Первое мое детское воспоминание такое – сижу в бабушкином доме в комнате на диване и раскладываю игрушечные тарелочки и чашечки, синенькие такие, в белые горошки. В окно сквозь кружевной тюль пробивается луч солнца, а за дверью разговаривают взрослые. Как меня вынянчили, не помню. Бабушка рассказывала, что оставляла меня полугодовалую на столе перед окном, а сама занималась своими привычными делами: доила корову, кормила свиней, кур, уток. Я, наверно, тихо сидела, подпертая по бокам подушками, никуда не ползла, просто смотрела в окошко и ждала, когда ко мне придет кто-то из взрослых. Бабушка и дедушка нянчились со мной по очереди. Ведь им приходилось еще и на работу ходить. Правда, дедушка мог развозить почту в любое время суток, а у бабушки, работавшей в колхозе, поздней осенью были своего рода каникулы – колхозные поля пустые, урожай собран, зерно обмолочено.
О селе мне хочется написать много чего интересного, но не буду нарушать хронологию событий, итак, все по порядку. Я – в городе, мне около трех лет и я лежу в своей кроватке в спальне детского сада. Комната большая, площадью около 40 квадратных метров. Огромные окна во всю стену занавешены бежевыми шторами, поэтому в спальне всё равно светло, ведь белый день на дворе. Я не могу заснуть, потому что громко плачет маленький мальчик с кудряшками на голове. Он не слушался воспитательницу, плохо себя вел, всем мешал спать и за это его наказали. Воспитательница поставила его посредине спальни, сняла ему трусики и сказала так стоять. Я спряталась под одеяло и в щелочку смотрела на голенького плачущего мальчика. Спустя несколько минут наказание закончилось. Воспитательница разрешила мальчику надеть трусики и  лечь в кроватку. 
Мне было четыре года, когда родилась моя младшая сестренка Оля.

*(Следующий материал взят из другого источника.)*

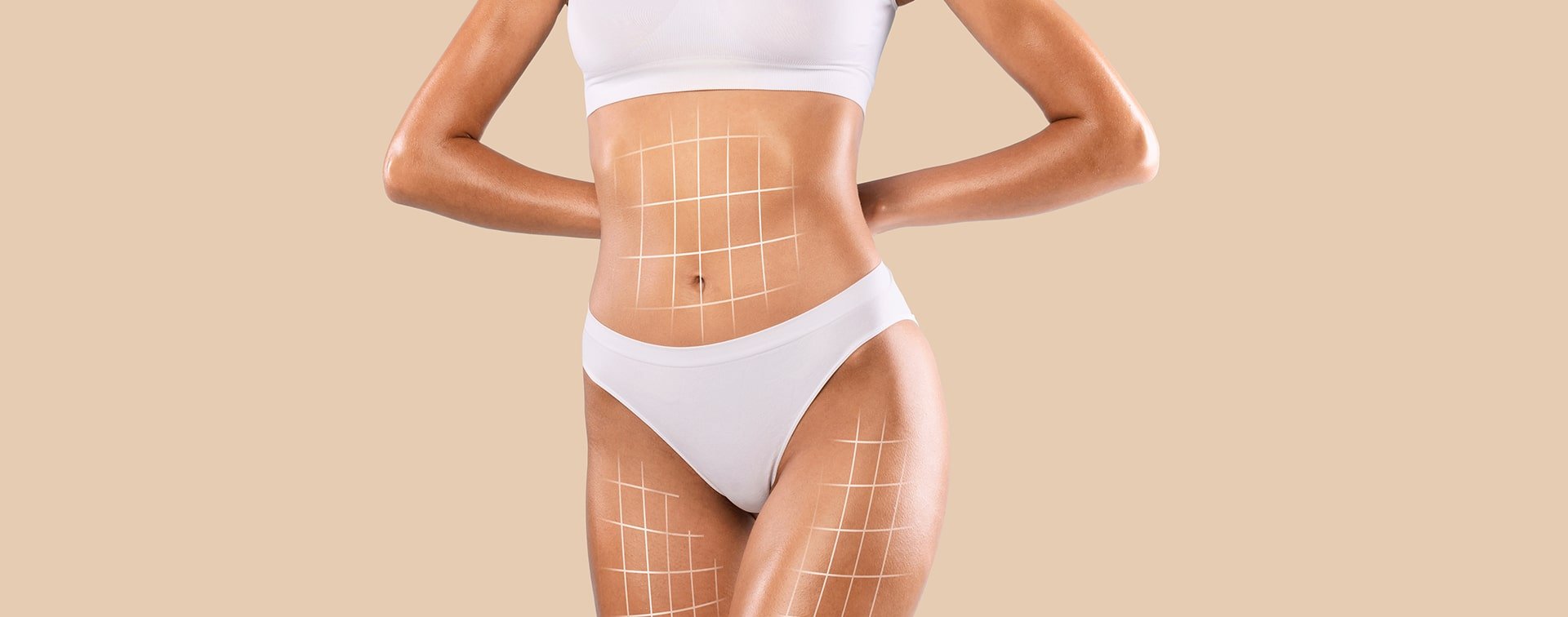 Mira-clinic  Tummy tuck recovery: recovery stages, post-operative  instructions, and side effects.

Как-то раз я с мамой и сестрой гуляла в парке около Доски почета, на которой висели фотографии лучших коммунистов нашего города. Оля мирно спала в своей коляске, а я катала эту белую коляску по бетонным плитам, которыми была вымощена дорожка в парке. Что-то пошло не так, и моя сестричка оказалась на земле. Помню, подбежала мама, подняла Олю, сестренка даже заплакать не успела. Падение на бетон вреда моей Оле не принесло. Она выросла очень умной, лет в десять получила первый взрослый разряд по шахматам.
В середине 70-х вся наша семья уехала из теплого западно-украинского городка в Сибирь. Мой папа решил немного поработать на заводе, которым руководил его отец, мой дедушка Павел Васильевич. Помню, летели мы в Сибирь на самолете, сестренку, закутанную в ватное одеяло в белом пододеяльнике, положили в какой-то сетчатый лоток, прикрепленный то ли к перегородке-стенке, то ли к впереди стоящему сидению. В Сибири мы жили у дедушки. У него была огромная квартира, всем досталось по комнате. Мама сидела дома с детьми, папа работал на заводе. В квартире было прохладно и скучно, я вечно носилась из комнаты в комнату, а однажды забежала к деду в кабинет. Павел Васильевич, двухметровый здоровый мужик, стоял на голове, подняв ноги кверху, хотя ему тогда было около 55 лет. Дед принялся кричать, что я без стука вошла в его комнату, а я испугалась и спряталась в тумбочку мебельного гарнитура, который стоял в гостиной. В квартире было много мебели и пустых полок, просто рай какой-то для любителей поиграть в прятки. Меня потом долго искали, а когда нашли, отругали. В Сибири мы прожили недолго. Холодный сибирский климат никому из нашего семейства не подошел, мы все начали болеть и кашлять, а вскоре вернулись в свою теплую Украину.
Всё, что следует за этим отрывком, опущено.